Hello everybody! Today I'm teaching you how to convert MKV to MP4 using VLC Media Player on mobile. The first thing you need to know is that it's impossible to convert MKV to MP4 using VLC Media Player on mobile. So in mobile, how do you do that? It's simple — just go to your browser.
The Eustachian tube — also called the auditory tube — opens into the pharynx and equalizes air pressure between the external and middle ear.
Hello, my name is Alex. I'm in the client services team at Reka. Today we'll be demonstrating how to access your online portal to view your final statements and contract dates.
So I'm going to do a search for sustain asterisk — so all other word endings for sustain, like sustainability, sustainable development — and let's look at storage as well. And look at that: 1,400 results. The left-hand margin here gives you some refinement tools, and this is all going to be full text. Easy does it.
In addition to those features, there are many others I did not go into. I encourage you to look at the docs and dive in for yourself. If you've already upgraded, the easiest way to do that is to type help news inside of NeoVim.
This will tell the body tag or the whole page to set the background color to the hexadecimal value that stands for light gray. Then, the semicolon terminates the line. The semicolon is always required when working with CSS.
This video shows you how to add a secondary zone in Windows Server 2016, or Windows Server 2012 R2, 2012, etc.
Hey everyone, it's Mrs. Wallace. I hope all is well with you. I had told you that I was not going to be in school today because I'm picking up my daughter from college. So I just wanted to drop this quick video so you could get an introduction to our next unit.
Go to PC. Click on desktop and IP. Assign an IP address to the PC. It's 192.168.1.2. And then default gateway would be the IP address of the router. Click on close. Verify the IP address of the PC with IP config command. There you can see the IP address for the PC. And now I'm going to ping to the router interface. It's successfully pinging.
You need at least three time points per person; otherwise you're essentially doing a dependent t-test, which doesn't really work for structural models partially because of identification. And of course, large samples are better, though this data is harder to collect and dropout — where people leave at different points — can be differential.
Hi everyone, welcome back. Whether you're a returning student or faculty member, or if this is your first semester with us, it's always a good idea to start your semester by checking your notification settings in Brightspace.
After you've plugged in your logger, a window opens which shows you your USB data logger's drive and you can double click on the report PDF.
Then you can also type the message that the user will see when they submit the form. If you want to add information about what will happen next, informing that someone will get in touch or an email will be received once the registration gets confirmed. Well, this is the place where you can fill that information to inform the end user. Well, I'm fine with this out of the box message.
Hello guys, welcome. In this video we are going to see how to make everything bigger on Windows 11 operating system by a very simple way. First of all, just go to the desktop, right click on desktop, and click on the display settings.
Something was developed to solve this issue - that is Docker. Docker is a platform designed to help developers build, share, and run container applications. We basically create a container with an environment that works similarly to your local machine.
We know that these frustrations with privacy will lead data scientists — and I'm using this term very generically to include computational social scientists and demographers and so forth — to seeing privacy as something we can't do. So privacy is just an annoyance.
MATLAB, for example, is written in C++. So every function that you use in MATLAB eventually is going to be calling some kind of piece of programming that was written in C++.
########################################
## WORK REQUEST:
Please write out the entries above in full, exactly as they read.

## SOLUTION TO THIS PROBLEM:
Hello everybody! Today I'm teaching you how to convert MKV to MP4 using VLC Media Player on mobile. The first thing you need to know is that it's impossible to convert MKV to MP4 using VLC Media Player on mobile. So in mobile, how do you do that? It's simple — just go to your browser.
The Eustachian tube — also called the auditory tube — opens into the pharynx and equalizes air pressure between the external and middle ear.
Hello, my name is Alex. I'm in the client services team at Reka. Today we'll be demonstrating how to access your online portal to view your final statements and contract dates.
So I'm going to do a search for sustain asterisk — so all other word endings for sustain, like sustainability, sustainable development — and let's look at storage as well. And look at that: 1,400 results. The left-hand margin here gives you some refinement tools, and this is all going to be full text. Easy does it.
In addition to those features, there are many others I did not go into. I encourage you to look at the docs and dive in for yourself. If you've already upgraded, the easiest way to do that is to type help news inside of NeoVim.
This will tell the body tag or the whole page to set the background color to the hexadecimal value that stands for light gray. Then, the semicolon terminates the line. The semicolon is always required when working with CSS.
This video shows you how to add a secondary zone in Windows Server 2016, or Windows Server 2012 R2, 2012, etc.
Hey everyone, it's Mrs. Wallace. I hope all is well with you. I had told you that I was not going to be in school today because I'm picking up my daughter from college. So I just wanted to drop this quick video so you could get an introduction to our next unit.
Go to PC. Click on desktop and IP. Assign an IP address to the PC. It's 192.168.1.2. And then default gateway would be the IP address of the router. Click on close. Verify the IP address of the PC with IP config command. There you can see the IP address for the PC. And now I'm going to ping to the router interface. It's successfully pinging.
You need at least three time points per person; otherwise you're essentially doing a dependent t-test, which doesn't really work for structural models partially because of identification. And of course, large samples are better, though this data is harder to collect and dropout — where people leave at different points — can be differential.
Hi everyone, welcome back. Whether you're a returning student or faculty member, or if this is your first semester with us, it's always a good idea to start your semester by checking your notification settings in Brightspace.
After you've plugged in your logger, a window opens which shows you your USB data logger's drive and you can double click on the report PDF.
Then you can also type the message that the user will see when they submit the form. If you want to add information about what will happen next, informing that someone will get in touch or an email will be received once the registration gets confirmed. Well, this is the place where you can fill that information to inform the end user. Well, I'm fine with this out of the box message.
Hello guys, welcome. In this video we are going to see how to make everything bigger on Windows 11 operating system by a very simple way. First of all, just go to the desktop, right click on desktop, and click on the display settings.
Something was developed to solve this issue - that is Docker. Docker is a platform designed to help developers build, share, and run container applications. We basically create a container with an environment that works similarly to your local machine.
We know that these frustrations with privacy will lead data scientists — and I'm using this term very generically to include computational social scientists and demographers and so forth — to seeing privacy as something we can't do. So privacy is just an annoyance.
MATLAB, for example, is written in C++. So every function that you use in MATLAB eventually is going to be calling some kind of piece of programming that was written in C++.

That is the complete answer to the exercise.